Task item.
Leave out the pictures and output exactly the lines below from the one with "Isol-8 Substation LC silver" down to the one with "Women Sport Sandals - 白色 - 查看 6", both of them included.

Provided material.
--*--
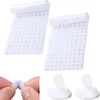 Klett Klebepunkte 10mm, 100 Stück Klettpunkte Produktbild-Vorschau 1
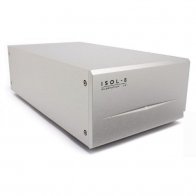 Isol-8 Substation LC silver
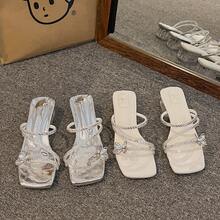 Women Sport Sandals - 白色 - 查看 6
--*--
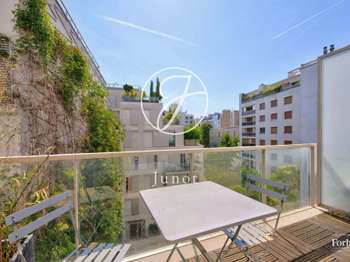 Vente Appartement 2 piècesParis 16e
--*--
Solved problem.
 Isol-8 Substation LC silver
 Women Sport Sandals - 白色 - 查看 6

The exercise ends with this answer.